Reason #1: What A Prick
In a world where the only real villains are faceless Russians flying technologically-advanced-yet-unattainable-by-the-American-military fighter jets, it stands to reason that Top Gun’s protagonist, that smug little shithead Maverick, should require a domestic adversary. This is no small feat, especially considering Maverick’s previously noted shitheadery and the fact that naval pilots are, on the whole, egocentric assholes who would sooner try anal on the first date than bother opening the car door for you first. But Top Gun delivered on it’s “the call is coming from inside the house!” antagonist, and because Val Kilmer is a master of the dramatical arts, Iceman is convincing as a total fucking prick.

First, he is publicly dismissive of the Maverick-Goose team in the initial briefing for Top Gun school. Which, fine, Iceman is a better pilot, but it’s just douchey to bring it up like that. Later that evening, Iceman casually insults Cougar, the rattled pilot who could have died in the opening sequence, even though the two were “like brothers” in flight school. This is a sign of Peak Assholery, everyone, because if a guy talks shit on his friends while claiming a non-existent bond to them in the same breath, then he’s certainly not going to be nice to you in the event that your dog/best friend/grandma dies.
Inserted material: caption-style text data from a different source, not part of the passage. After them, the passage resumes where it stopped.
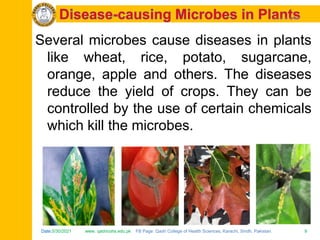 Date:5/30/2021 www. qadricohs.edu.pk FB Page: Qadri College of Health Sciences, Karachi, Sindh, Pakistan. 9
Date:5/30/2021 www. qadricohs.edu.pk FB Page: Qadri College of Health Sciences, Karachi, Sindh, Pakistan. 9
Several microbes cause diseases in plants
like wheat, rice, potato, sugarcane,
orange, apple and others. The diseases
reduce the yield of crops. They can be
controlled by the use of certain chemicals
which kill the microbes.
 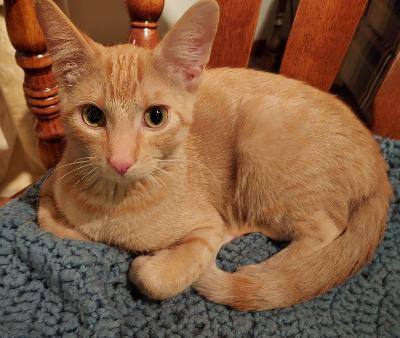 ~Mako~ COURTESY POSTING, an adoptable Domestic Short Hair Mix in Moorhead, MN_image-4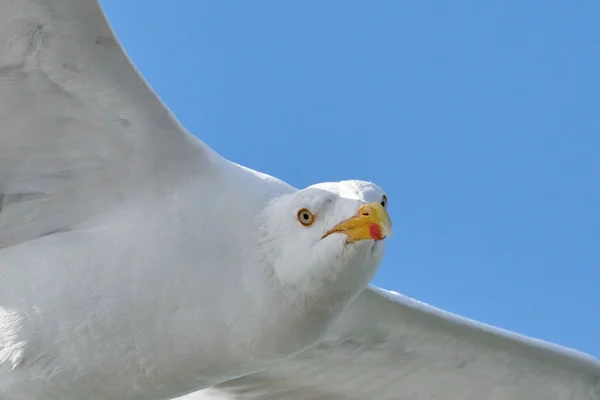 Mouette Vol Contre Ciel Bleu Arrière Plan Vue Bas Partie — Photo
With this and his later behavior in mind, one gets the feeling that Iceman’s preternatural good looks and intelligence have calloused him to the less fortunate among us, and unless he ejects from his plane and lands in a third world country where he is forced to experience abject poverty for years on end (and who knows, he could very well pull a Brando-in-Apocalypse Now move in that case), he’s not going to improve his attitude.

Reason #2: He’s Too Pretty
One of the biggest tricks our dirty parts play on us is making us think we want to be with people who are extremely good-looking. Our brains and genitals are hardwired to respond to aesthetically pleasing people, and the cushy, fleshy parts of ourselves are flooded with dopamine and other feel good chemicals when we entertain thoughts of letting ourselves receive all sorts of perversities from physically fit, symmetrically shaped, confident individuals. But we’ve all learned by now that our brains have been corroded by drugs and alcohol, and that our genitals can’t be trusted. Iceman may be nice to look at, but you wouldn’t want to get naked with him.

Think about the things we do to make ourselves more attractive to the opposite sex. And not just the small, inexpensive, superficial stuff, either, like flattering clothes and makeup and wildly improbable Internet profile photos. Think of the deeper, psychological makeovers we give ourselves on a sometimes minute-by-minute basis; the wishing, the praying, the self-loathing. And that’s before we stand in front of someone, naked and vulnerable and sucking in our tummies like anyone cares about them because they’re busy focusing on the boobs. We do this for regular people, can you even imagine if you were going to sleep with Iceman? Physical perfection is exhausting to achieve, and in my experience, the people who have it are the most critical of others. Iceman could very well be a sensitive, complimentary lover, but it’s more likely that he’d suggest you go to the gym and brush your goddamn hair before he allows himself to be seen in public with you again.

Reason #3: He Can’t Fight
Iceman is in top physical condition and one of the most elite members of the best trained military in the world, but when it comes to blows and a fight is imminent, what does this guy do?

Yeah. He air-bites. In a men’s locker room, too, which I think might be even gayer than using shampoo as lube in the showers.

This is not to say that fighting is the answer to all questions, or that it is even advisable in all but 2% of situations. Actually watching people physically altercate can be an unsettling and ugly experience, and certainly not one I want my boyfriend to participate in. But I’m an American who likes alcohol, meat, and instant gratification, so my basest desires call out for a man who can fight, even if he is too sophisticated to demonstrate this skill on a regular basis.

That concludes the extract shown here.